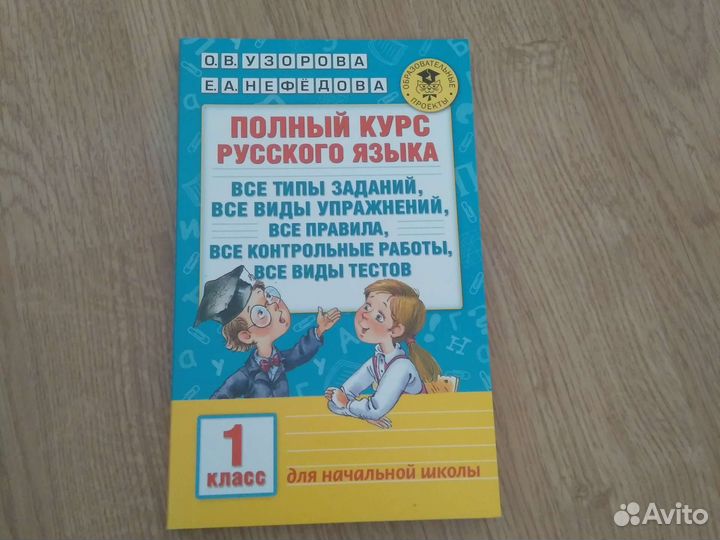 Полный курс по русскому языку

---

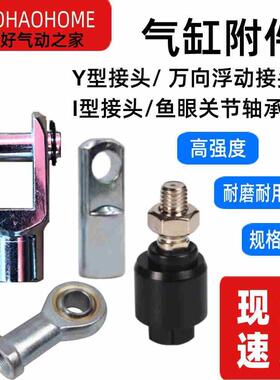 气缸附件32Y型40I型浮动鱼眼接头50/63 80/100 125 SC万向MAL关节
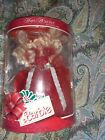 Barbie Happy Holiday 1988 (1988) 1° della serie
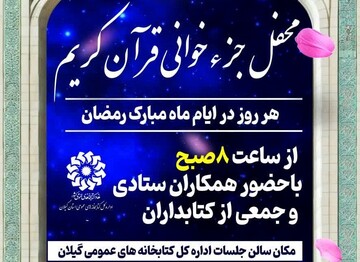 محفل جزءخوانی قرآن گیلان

...

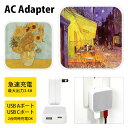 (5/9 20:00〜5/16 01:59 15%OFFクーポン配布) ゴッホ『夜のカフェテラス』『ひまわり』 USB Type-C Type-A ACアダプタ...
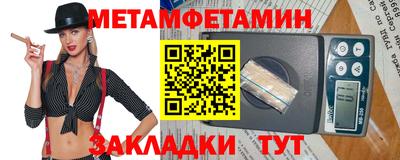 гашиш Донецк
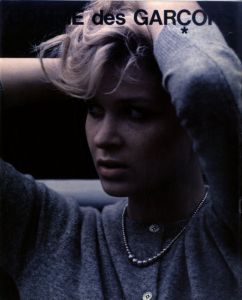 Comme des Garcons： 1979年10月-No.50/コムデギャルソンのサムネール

§ PROBLEM STATEMENT
Using the data above, print only the lines starting at the one with "Barbie Happy Holiday" and ending at the one with "محفل جزءخوانی قرآن گیلان", exactly as they stand, minus the pictures.

§ ANSWER SECTION
 Barbie Happy Holiday 1988 (1988) 1° della serie
 محفل جزءخوانی قرآن گیلان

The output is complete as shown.